As it turned out, we only had one applicant.  I felt really let down by the lack of interest and I spoke with a friend, who runs an accounting business locally and is used to the hiring process, about whether we should re-advertise to try to attract someone from the London creative scene.  She said that we should at least look at this candidate first.  She offered to help with the interview. 

Maybe we’d be lucky first time.

After all this writing, although I would now consider myself a creative person, I also feel that I am pretty normal.  I’m nearly sixty, a bit grey around the temples and wider round the middle than I would like, but otherwise healthy and without any skeletons.  I work hard.  I support those around me.  I give a bit to charity.

But when this character walked through the door, I realised just how square I really am!

She'd emailed over an application form of sorts.  More a letter really.  I was somehow impressed by the start of it.  She'd written in an uncommonly formal style for a young, creative type, but it touched me. 

Dear Sir or Madam

This seemed to be someone serious.  She'd also enclosed some tiny pencil drawings, almost doodles in the corner of otherwise blank A4 sheets.  I’d needed my full-strength reading glasses to see that they were actually exquisite, minute drawings of animals and people in quaint rural settings.

Will you take a look?

I’d hired a room up the road at the business park. 

As she approached the door, she seemed to stop briefly, touching the sides of the door frame, and reaching up to tap the lintel above, almost like she was inspecting it for safety.  She was certainly dressed for work, wearing a pair of the biggest Doc Martens you have ever seen.  At least eighteen holes, maybe more.  I didn’t count, because moving up from the boots were a pair of combat trousers, a grubby red t-shirt, a multicoloured and extravagant scarf arrangement, and a topping of purple-tinted hair.  Her skin was multi-pierced and mega-tattooed.  I have to confess I was both a little overawed by her, and convinced that this would be a short interview and she would be on her way.  A little scared even.  Hopefully nothing would go missing.

She introduced herself. 

‘I’m Allie.’ 

She sat down and it was noticeable that her hair covered her bent head like a veil.  She could see through it, but it was difficult for me to make eye contact.  I did try, but maybe she liked it that way.
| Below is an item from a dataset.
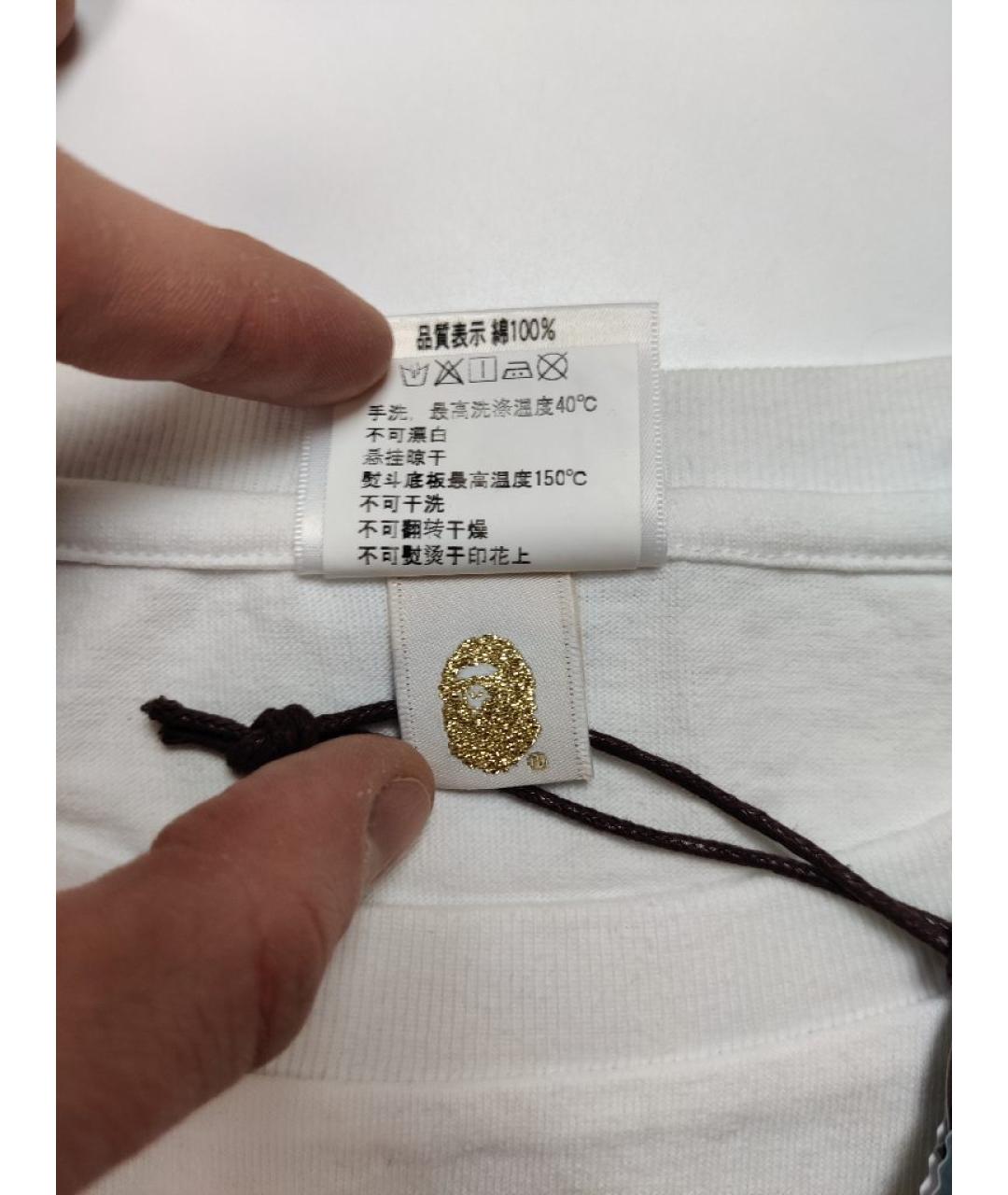 A BATHING APE Белая хлопковая футболка, фото 5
I explained as best I could what we were looking for.

‘I can do that,’ was all she said really, and I could not think of that much to ask her.  She kept her eyes inclined downwards and didn’t smile like I expected her to.  She didn’t seem really that bothered about the year’s work that I might be offering her, nor the office and salary.  I could tell Yvonne the accountant was not impressed.  There was an awkward silence.

‘I’ve been reading Leila,’ Allie said after a long pause, ‘I like it.  The characters are good.  Leila.  The old man.  It made me feel understood.  Books can do that.’
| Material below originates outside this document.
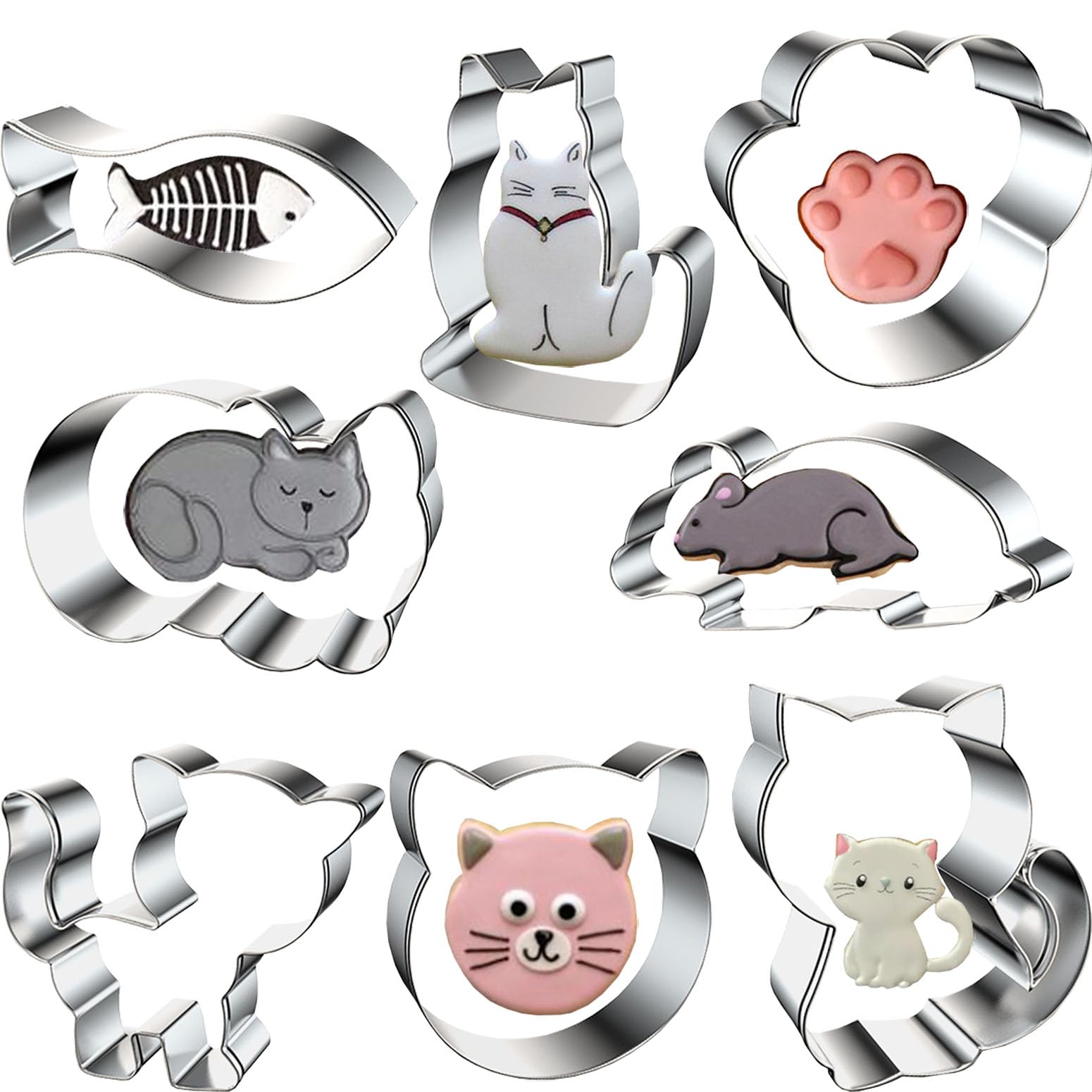 8 Stück Keksausstecher Katze, Ausstechformen Pfote Plätzchen Ausstecher Edelstahl Ausstechform Gesicht Cat Cookie Cutter Für Plätzchen Kuchen Deko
I tried to regain the initiative.

‘Well, er, you said you would bring a portfolio.’

‘I did not.  I said I would show you examples from my portfolio.’

I was unclear of the difference. 

‘OK, well please could we see an example at least?’

She reached down into her small satchel and produced a single sheet of paper.  She laid it on the table.

It was blank.

In her hand, she held a standard HB pencil.  It slowly became clear that she was going to create the example there and then.  She pulled nervously at her hair, which was adorned with a multitude of coloured plaits and odd accessories. 

Then she paused.

‘The way I see it, Leila is a lost soul.  Her face is that of an innocent teenager, but her eyes reveal a lifetime of pain and rejection.  Her skin is almost perfect, but around the eyes are lines of anxiety, layered from years of screwing up her face in anguish.  Her hair is usually well cared for, but she uses it as a veil and one day she will appal the old and delight the young with one of her styles.’

This monologue continued for several minutes as she rehearsed the character of Leila out loud in front of us.  I must say that she seemed to nail my heroine almost completely.  As she talked, she'd started sketching, almost explaining to herself in real time what to draw.

What started to emerge from the paper was just remarkable!  Seemingly unrelated swirls of pencil seemed to magically assemble as if possessing a mind of their own.  Facial features slowly gathered together, the few fronds of hair became a cartoon beehive.  The mouth was full and almost sensuous.

And the eyes.

The eyes were endless, with repeating concentric circles of pencil adding to the depth. 

And to the feeling that you could drown in them.